I'd heard a few of the usual mutterings: purists unhappy, lacked the humour of the books, bad 3D, sexist, etc. I went in with very little expectation but was instantly swept into the wonderful title sequence - almost a James Bond style tribute to the comic book version of our hero in action. I had my doubts about both the quality of the animation and the characterisation but these were quickly dashed when Tintin gets his portrait drawn in a street market in the opening sequence.
The film very quickly makes you aware that this is a fast paced action flick with plenty of humour and little time for exposition as it accelerates into a pace that rarely slackens - kind of funny because it instantly reminded me of the style of the actual comic book it was based on! I found myself wondering "who were those purists?" but then I realised that they were the same purists that didn't like Lord of the Rings, and they went away pretty quickly.
The film wildly departs from the book that it's based on, but seems to stay well within the spirit of Hergé's writing, and always comes back with a familiar character or classic Tintin reference.

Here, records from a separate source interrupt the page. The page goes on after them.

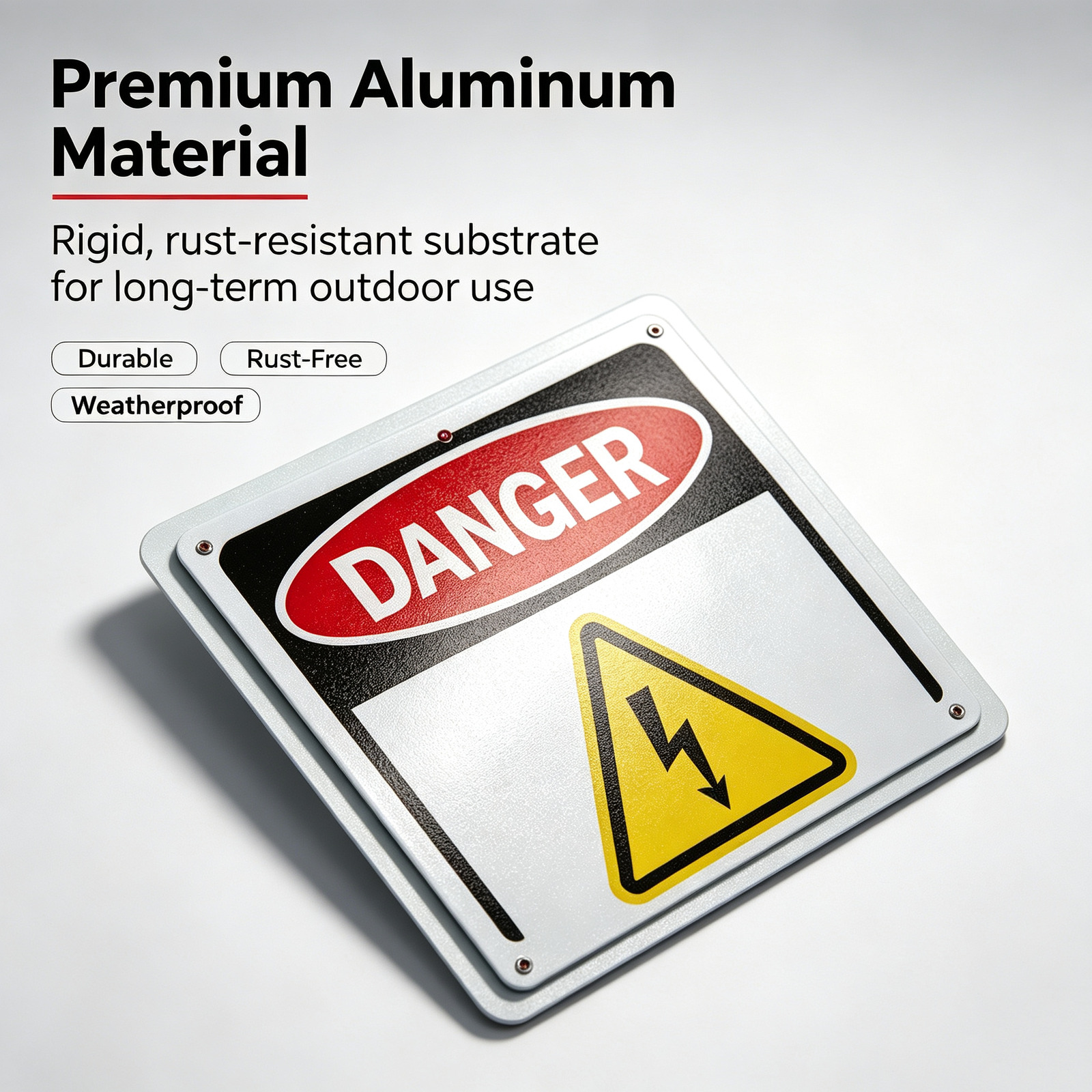 Substation Safety Signs & Electrical Warning Plates
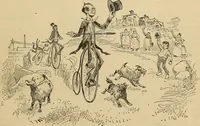 An illustration from The wheel (1880)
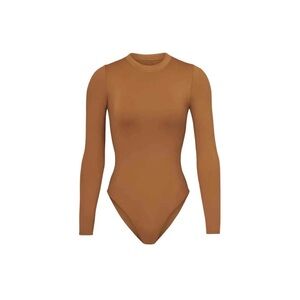 SKIMS swimsuit almond medium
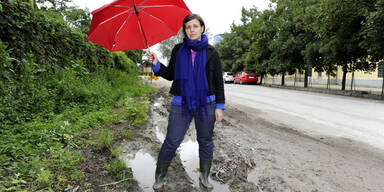 Herbstwetter bringt Sintflut-Regen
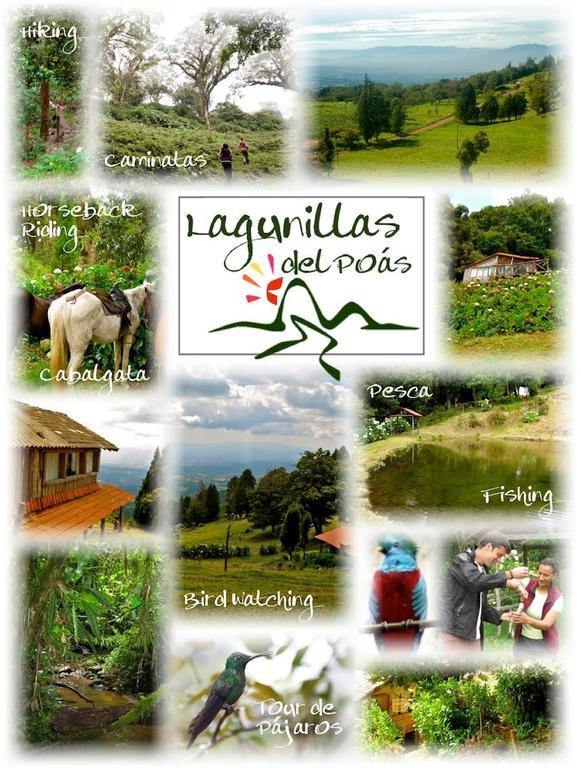 Lagunillas Del Poas Poasito Kamer foto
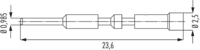 M23 Puissance Contacts, Power, M23, Circular Connector, Connector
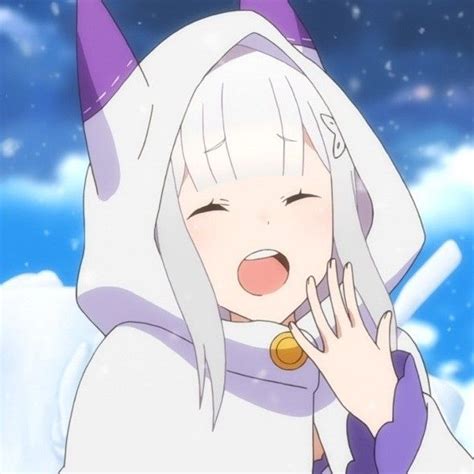 Rezero Emilia Anime Kawaii Anime Anime Icons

Essentially the structure of the Secret of the Unicorn remains intact even if the story does go a lot further than the original, as well as mixing large tasty chunks of The Crab with the Golden Claws into the mix.
I couldn't fault any of the characters, though missed Snowy the dog's thought bubbles (despite that Snowy was excellent). The performance of the movie, and it's no surprise, goes to that expert in 3D animation acting Andy Serkis. As Captain Haddock, the occasional Gollumism is inescapable, but like the actual books, the film is weaker whenever Haddock is not in a scene.
I could rarely fault this blistering (yes billions of blue barnacled-like) paced film. The 3D animation rarely hides behind darkened scenes, the high-key colours of the comic books are perfectly reproduced. The only issue I had was the imminent case of sequelitis the movie attained as it approached it's denouement. You could feel it coming like a stevedore's crane on nitro - though I must say I am greatly looking forward to it. I'm also looking forward to buying the complete set of books and reading them one after the other, and then repeating, in tribute to all those lost years when that friend of my Mum's robbed me of my favourite comic book heroes - Tintin, Snowy & Captain Haddock.
Rating: This film is a must see at the movies in 3D, and see it at IMAX if possible. Try and stay away from the kid's sessions if you want a really enjoyable experience (sorry kids but seat kicking, chip crinkling, talking and slurping gets a little distracting after a while).